La rectificación resumía su problema. Era incapaz ya de pensar en el futuro desde su exclusivo punto de vista. Cualquiera que fuera el enfoque que hiciera, el marco de referencia que se planteara, ella estaba siempre presente.

En verdad, la felicidad de ella era ahora más importante que la suya, porque la suya dependía de la de ella.

¿Era de extrañar que se resistiese?

Hubiera sido más fácil si ella le planteara exigencias. Pero no, le dejaba siempre a él la decisión, evitando el abismo de oponer su voluntad a la de él. Él estaba predispuesto y preparado para esa clase de batallas; el resultado habría sido siempre fulminante y previsible.

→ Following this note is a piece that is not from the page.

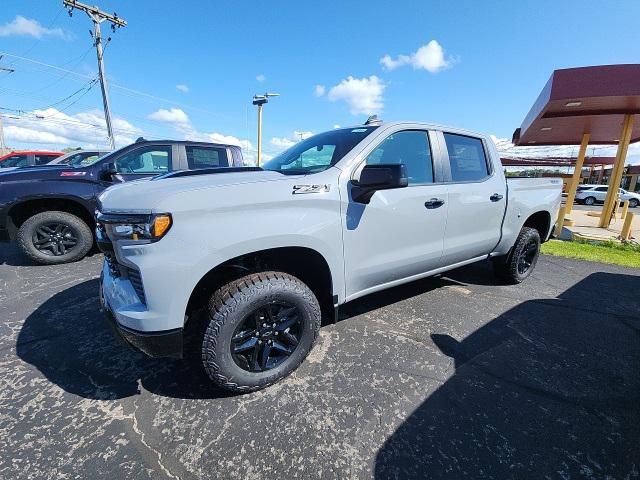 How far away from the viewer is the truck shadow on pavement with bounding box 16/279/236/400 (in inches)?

Y él no estaría tendido ahí entonces, sumido en la incertidumbre. Francesca había dejado clara su posición. Él mandaba, él tomaba las decisiones; y si a ella no le agradaban, seguiría su propio camino.

Y no le cabía duda de que lo haría. En lo más íntimo de ella había una obstinación que él reconocía, una devoción inquebrantable a su propia causa.

Una devoción que él codiciaba para sí. No ya para sus ambiciones políticas, no ya para su matrimonio, ni siquiera para el efecto que una devoción tal tendría en su vida.

Quería ser él el objeto de su devoción.

Quería verla en sus ojos cuando la poseía, sentirla en sus labios cuando la besaba, en su roce cuando la acariciaba. Todo lo que ya le daba, lo quería: para siempre.

Miró su cabeza morena, sintió la calidez de su cuerpo, relajado y libre de toda tensión, contra el suyo. Sintió un impulso urgente de abrazarla, de atarla a él.

Volviendo a mirar el baldaquín, condujo de nuevo sus pensamientos a su problema.

Quería su amor, su devoción, la quería dedicada exclusivamente a él. Ella estaba dispuesta a ofrecerle todo eso. A cambio, quería algo. Él quería dárselo -quería amarla-, pero…, eso, en sí mismo, era lo último que quería hacer.

La contradicción de fondo.

Tenía que haber una forma de rodear el problema. Por el bien de su cordura, tenía que encontrarla. Tenía que dar con una alternativa quila dejara a ella satisfecha, y a la vez no le dejara a él expuesto, sino emocionalmente invulnerable.

La otra opción era inimaginable. Lo seguía siendo y siempre lo sería.